▸ **Your assignment**
Print the listing below exactly, minus its pictures.

▸ **Dataset content**
===
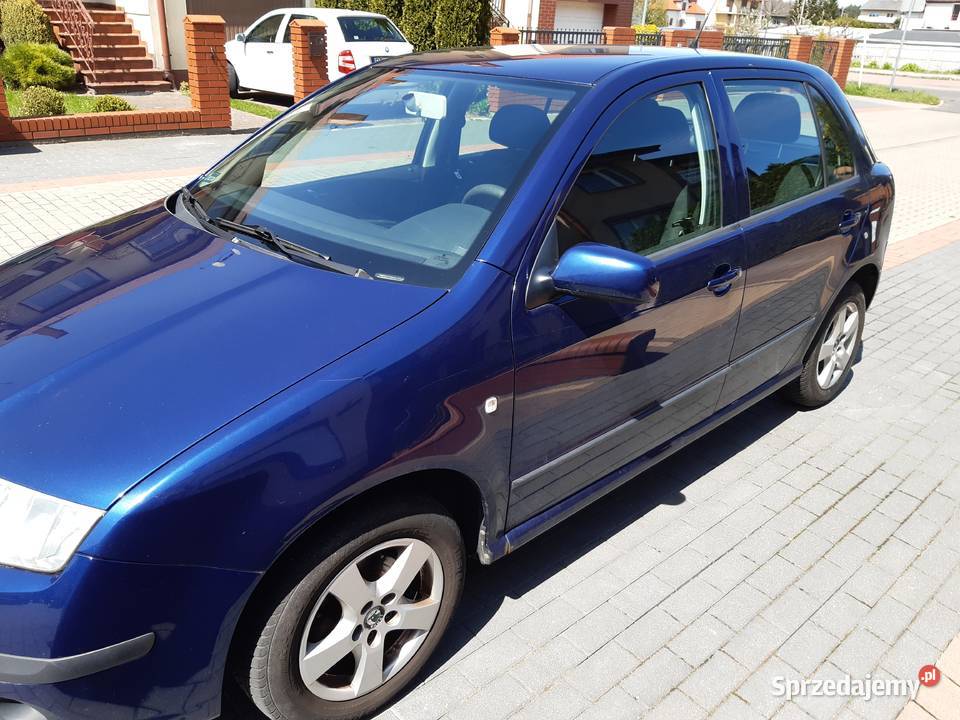 Skoda Fabia 14 benzyna LPG benzyna+LPG Konin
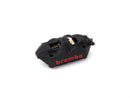 Brembo M4 Right or Left Front Caliper (Radial Mount) Black 108mm Single - Hardcore Cycles Inc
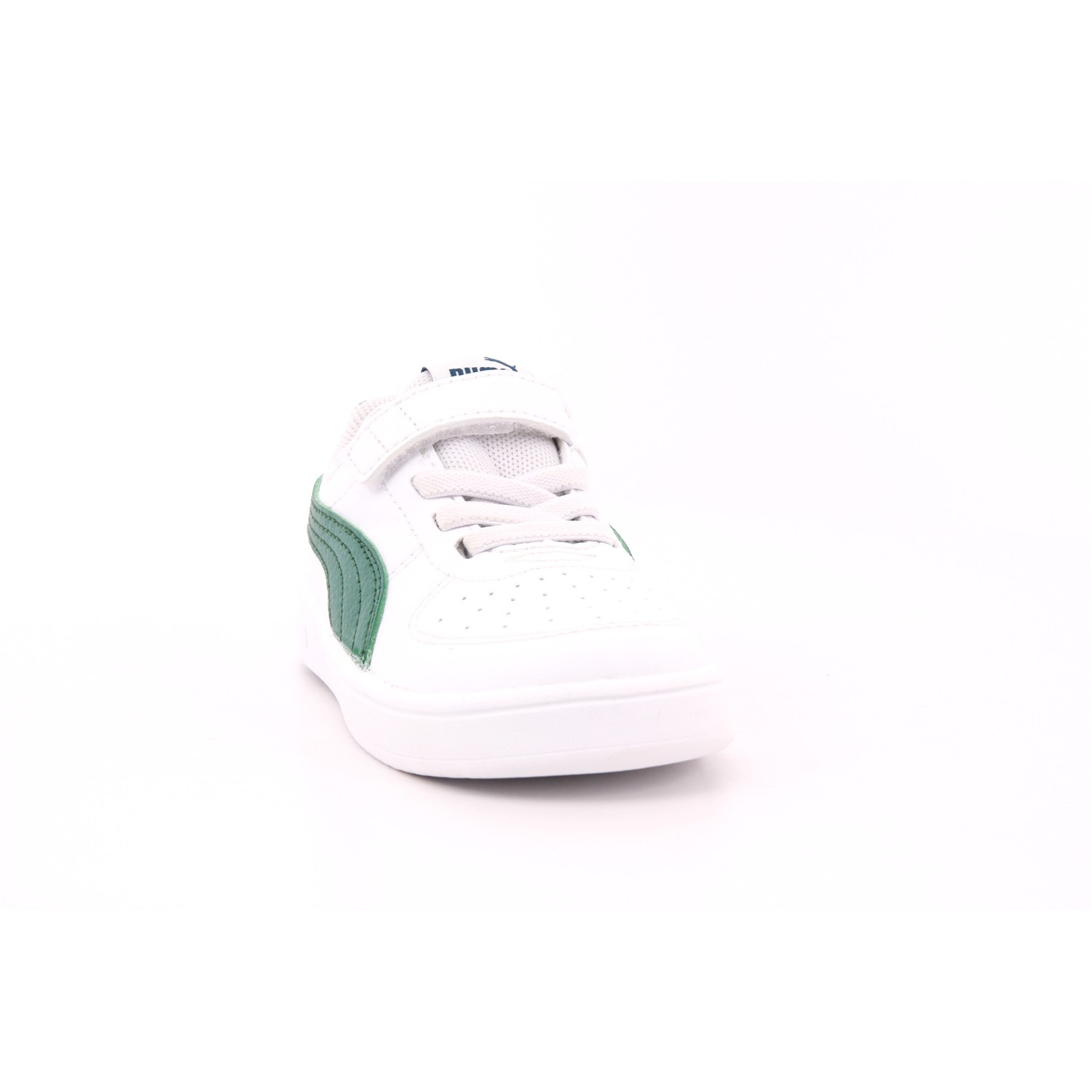 Scarpa Strappi + Elastico Puma Bambino Bianco Scarpa Strappi + Elastico Puma Bambino Bianco Scarpe 1307 - 38431426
===
▸ **Solution below**
 Skoda Fabia 14 benzyna LPG benzyna+LPG Konin
 Brembo M4 Right or Left Front Caliper (Radial Mount) Black 108mm Single - Hardcore Cycles Inc
 Scarpa Strappi + Elastico Puma Bambino Bianco Scarpa Strappi + Elastico Puma Bambino Bianco Scarpe 1307 - 38431426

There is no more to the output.